The BL2 was an early example of a road switcher locomotive and set the stage for EMD’s widely successful GP series of locomotives. Only 59 of the semi-streamlined locomotives were produced between September 1947 and May 1949. The Bangor & Aroostook Railroad owned eight BL2s, and when they were retired, one was preserved at the Cole Transportation Museum in Bangor, Maine. Two others were sold to diesel enthusiast Glenn Monhart and moved to Wisconsin. They were stored following his death in 1998 and eventually acquired by Clint Jones, who resold them to Iowa Pacific in 2008.
Iowa Pacific Holdings President Ed Ellis knows the units well, since one operated for a time on his Wisconsin & Calumet Railroad out of Janesville, Wis., in the 1980s and 1990s.

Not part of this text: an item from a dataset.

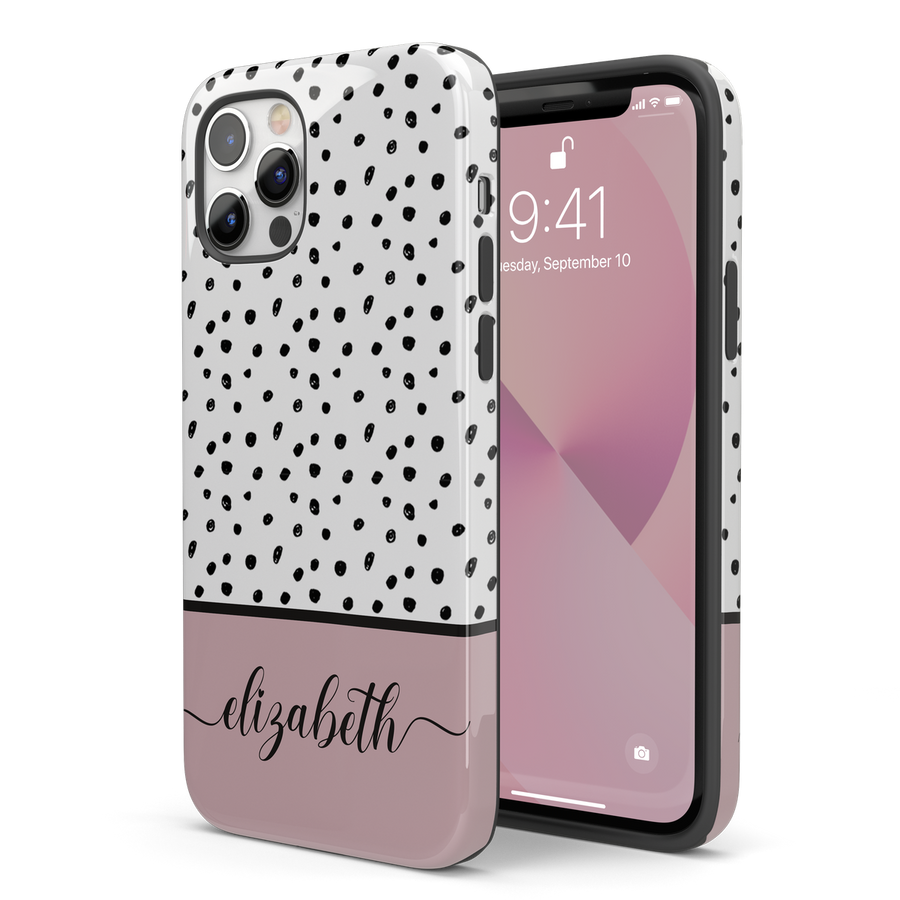 Glossy finish case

Former Bangor & Aroostook No. 52 is already in operation on the Saratoga & North Creek. It will soon be joined by the former No. 56. Ellis tells Trains News Wire that Metro East Industries in East St. Louis, Ill., put the unit back in operating condition. “It is going to the [Saratoga & North Creek], and will be painted in North Creek. It will go into service this spring with sister 52,” Ellis says. The unit will be painted in the SNC’s blue and silver quasi-Delaware & Hudson scheme.
Another ex-Bangor & Aroostook BL2 is on the Lackawaxen & Stourbridge Railroad in Pennsylvania. Two Western Maryland units have been preserved at the B&O Railroad Museum in Baltimore and the Durbin & Greenbrier Valley Railroad in West Virginia respectively. Former Monon BL2 No. 32 is at the Kentucky Railway Museum in New Haven, Ky.